Abolish negative African cultural practices – Scholars

By Gifty
Amofa/Grace Princess Tarwo, GNA

Accra, Oct.12, GNA – African scholars, with
background in law and social issues, have called on leaders to help abolish
negative cultural practices.

They said practices such as widowhood rites,
succession laws, Polygamy, “Trokosi (females sent to shrines to atone for
ancestral sins),” among others were against human rights and must be dealt
with.

Dr Ruth Murambadoro of the Centre for
Sexualities, AIDS and Gender-University of Pretoria, South Africa was reacting
to an address delivered by Nana Dr Susubiribi Krobea Asante, Chairman at the
opening of a socio-legal writing workshop in Accra on Thursday.

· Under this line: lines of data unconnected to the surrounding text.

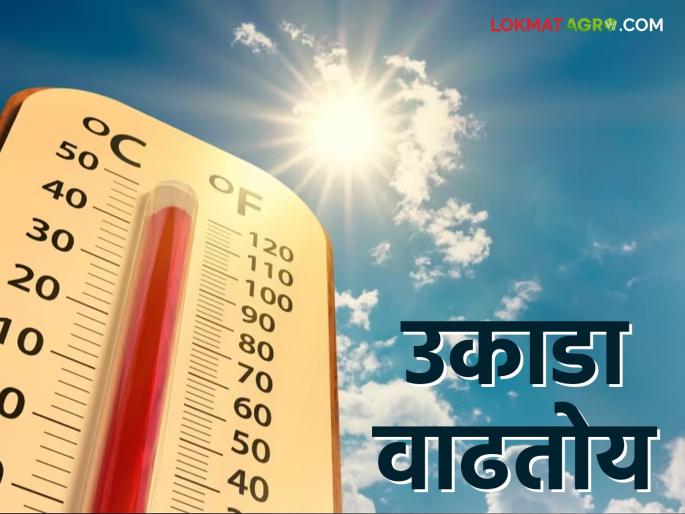 Maharashtra Weather Update: latest news Heat is increasing in the state; Read the IMD report in detail. | Maharashtra Weather Update: राज्यात उकाडा वाढतोय; काय सांगतोय IMD रिपोर्ट वाचा सविस्तर Maharashtra Weather Update: latest news Heat is increasing in the state; Read the IMD report in detail. | Maharashtra Weather Update: राज्यात उकाडा वाढतोय; काय सांगतोय IMD रिपोर्ट वाचा सविस्तर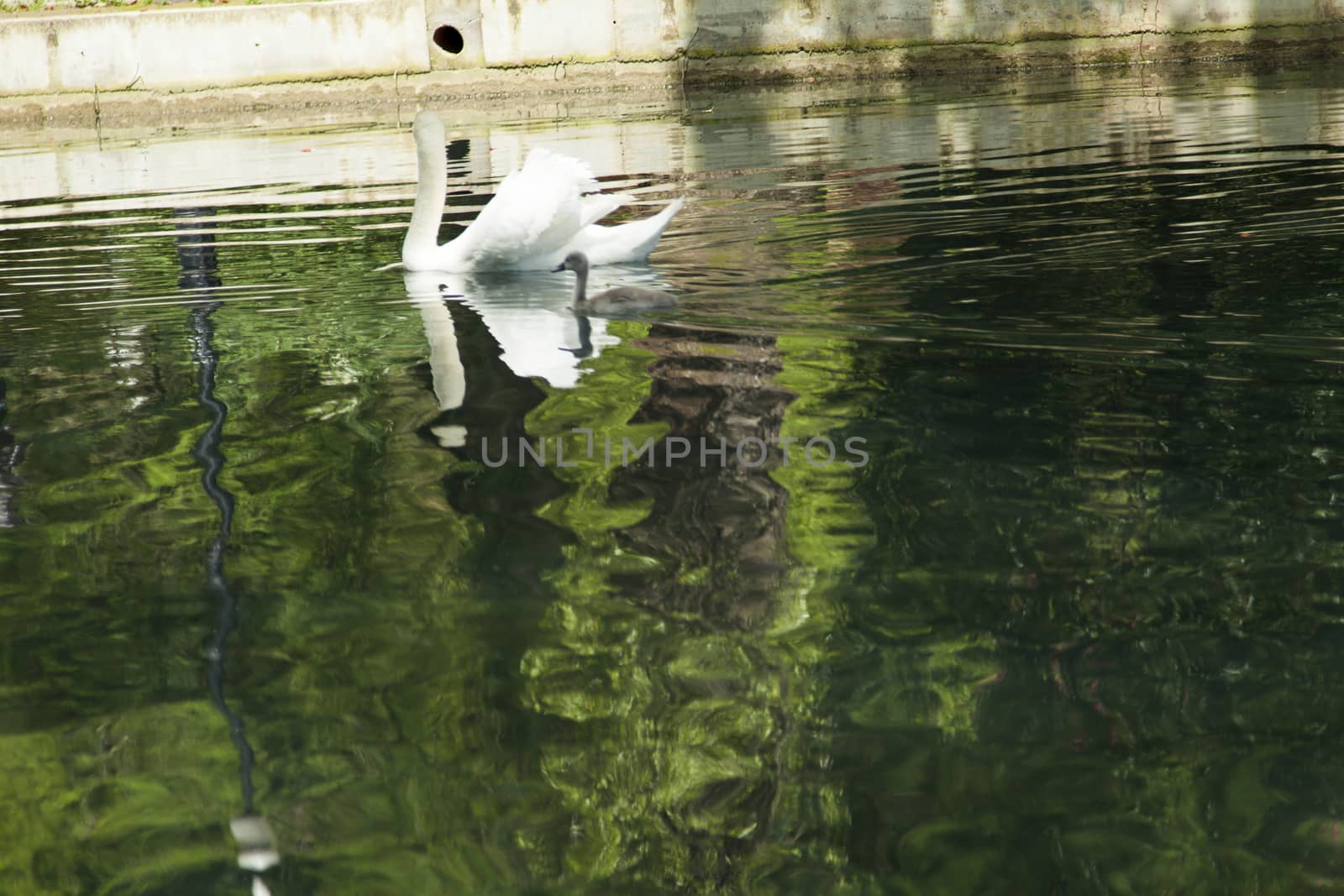 Swans in a pond float in search of food and rejoice to heat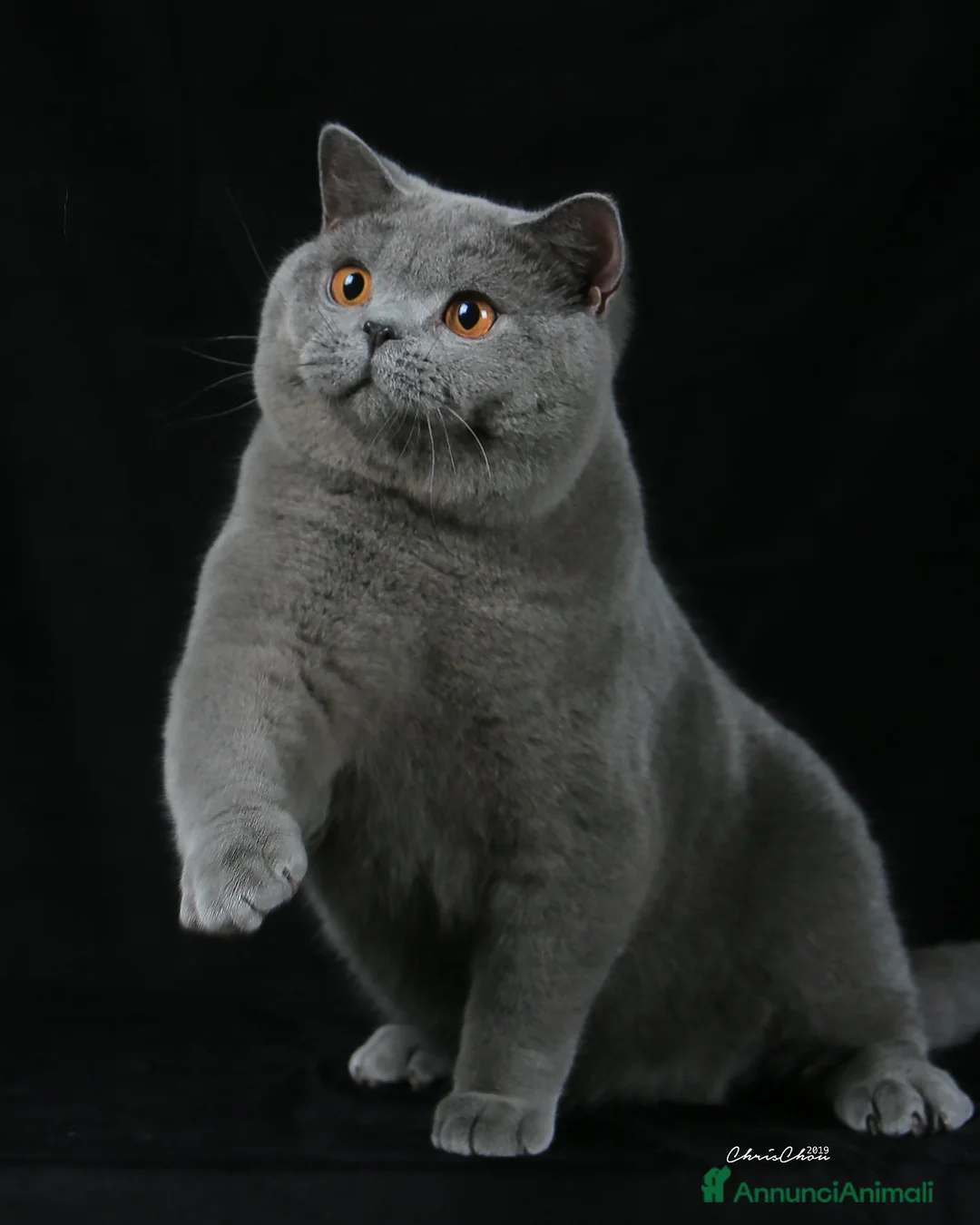 Immagine della galleria {{count}}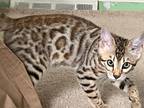 Samir Bengal Male Kitten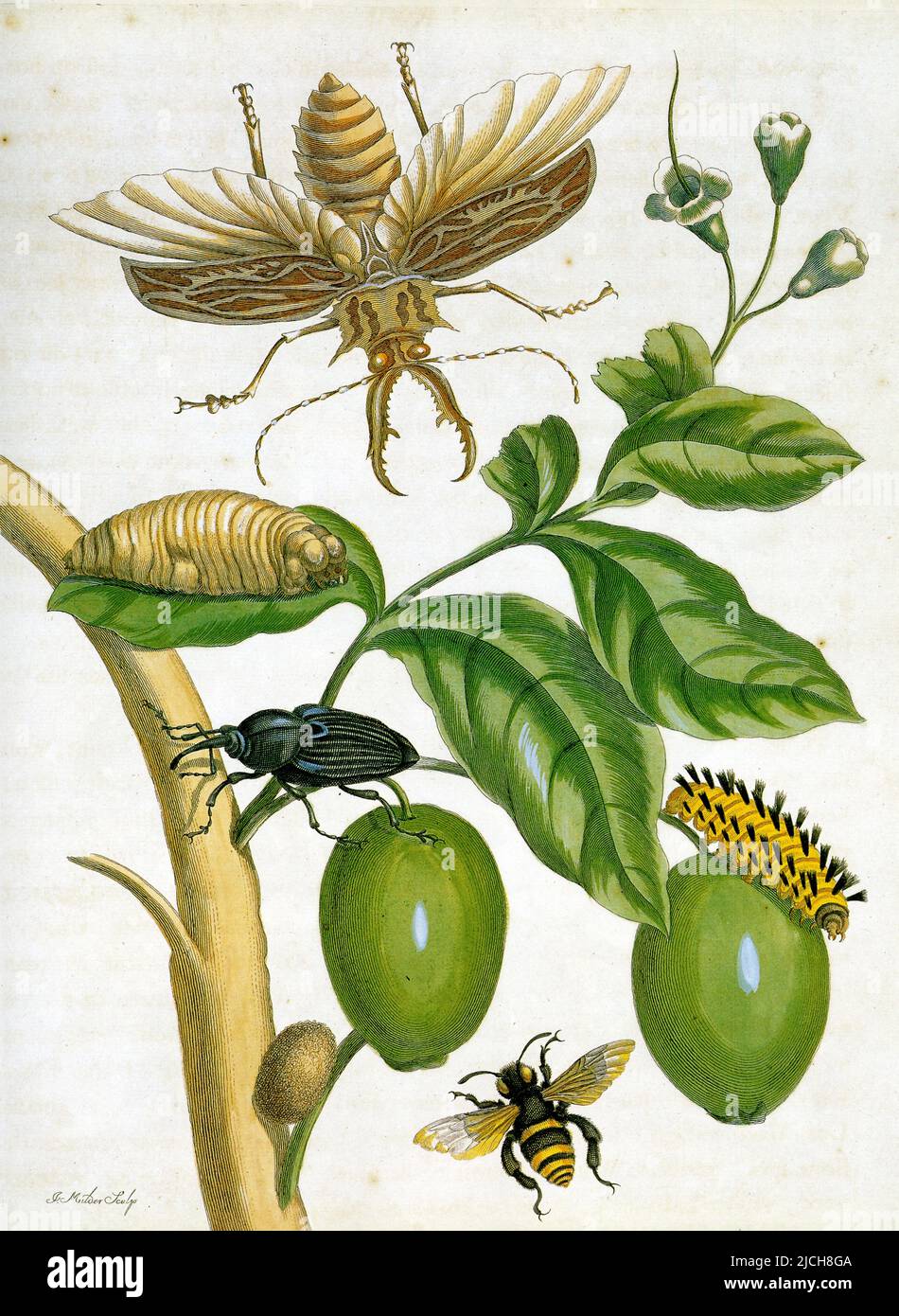 Insectes non apparentés. Le lucane Macrodonta cervicornis. Au centre la larve et l'adulte du charençon Rchychophorus palmarum Stock Photo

Dr Muramdadoro said those customary laws
mostly enslaved women and they were violations of human rights but it was time
they were eliminated.

Madam Suzzie Onyeka Oyakhire, lecturer at the
University of Benin City, Nigeria agreed that those practices must be abolished
but added that it should be done with tact so that it would not look like there
was the use of foreign culture to abolish that of the African ones.

The Lecturer stated that there were laws and
even judgements by the Supreme Court to abolish such traditions but all these
had fell on deaf ears.

She called for education and provision of
reasons that appeal to the emotions of the custodians on the need to do away
with the negative ones or parts if that battle could be won.

She said many customs and traditions had lost
the purpose for which they were accepted and followed by the initiators thus,
currently; people are taking advantage of them.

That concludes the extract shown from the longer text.